KU Band: Avrupa standartlarına göre frekans tayfında Uplink: 13750 MHz – 14500 MHz Downlik: 10950MHz-11700MHz ve 12500MHz-12750 MHz band aralığıdır.
LNB: (Low Noise Block Convertor) Uydudan gelen sinyali güçlendiren ve güçlendirilmiş sinyalin frekansını dijital uydu alıcısına uygun frekansa indiren elektronik bir ekipman.
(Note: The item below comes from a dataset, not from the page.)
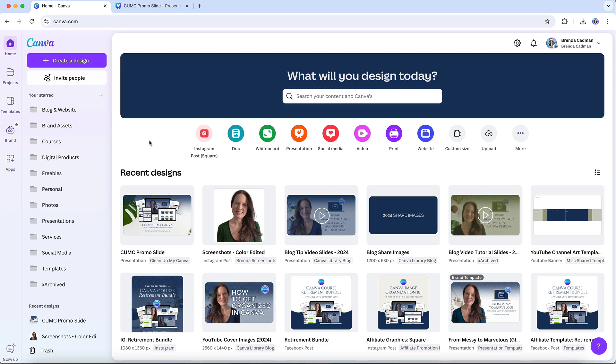That said, I want to remind you that if you're finding the new interface problematic, the best way to let Canva know is by sharing your detailed feedback directly with them. In the lower left corner of your Canva dashboard, you'll see a glow-up icon.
MPEG: Dijital teknolojiye geçişte yaşanan sorunları gidermek, tüketiciyi de dikkate alarak global bir standart belirlemek ve bu standardı geliştirmek için dünyanın önde gelen telekom kuruluş ve araştırma gruplarının katılımıyla MPEG(Motion Picture Experts Group-Hareketli Resim Uzmanları) adı verilen bir heyet oluşturulmuştur. Bu heyet; dünyanın birçok bölgesindeki haberleşme mühendislerinin yaptığı çalışmaları derleyerek, bunlar üzerinde yaptığı titiz çalışmalar sonucunda tüm ülkelerin kabul edebileceği uluslararası standartlar hazırlamıştır. Heyetin hazırladığı standartlar ise MPEG1, MPEG2 , vs dir. Bu heyetin yaptığı işler ise uygulamasına göre video ve audio kodlamada genel dünya standardını belirlemek, sistem değerlendirmeleri için uygun prosedürler hazırlamak ve geliştirmek, bit grubunu iletmek, kodlamak, çoğullamak ve kodunu çözmek için çatısını belirlemek ve bu işlemlerde kullanılan cihazlarında ortak bir standarda getirmek şeklinde gruplandırılabilir.
MPEG1: MPEG gurubunun ilk oluşturduğu standarttır. 1.5 Mbit/s değerinde digital video ve audio'yu kapsar, VHS kalitesine eşdeğerdir. CDIC (Compact Disc Interactive), cd playerlerde ve multimedya PC'lerde televizyon kalitesinde yayın elde etmenin en kolay yöntemi olarak üretilen decoder chiplerde bu yöntem geliştirilip kullanılmıştır.Bu standarta, ek olarak geliştirilen bir sistem de, aynı anda birden fazla sinyali birleştirerek, tek bir sinyal halinde uyduya transfer edebilme imkanı sağlanmıştır.MPEG-1 profesyonel televizyon teknolojisinde kullanılmak amacıyla geliştirilmiştir.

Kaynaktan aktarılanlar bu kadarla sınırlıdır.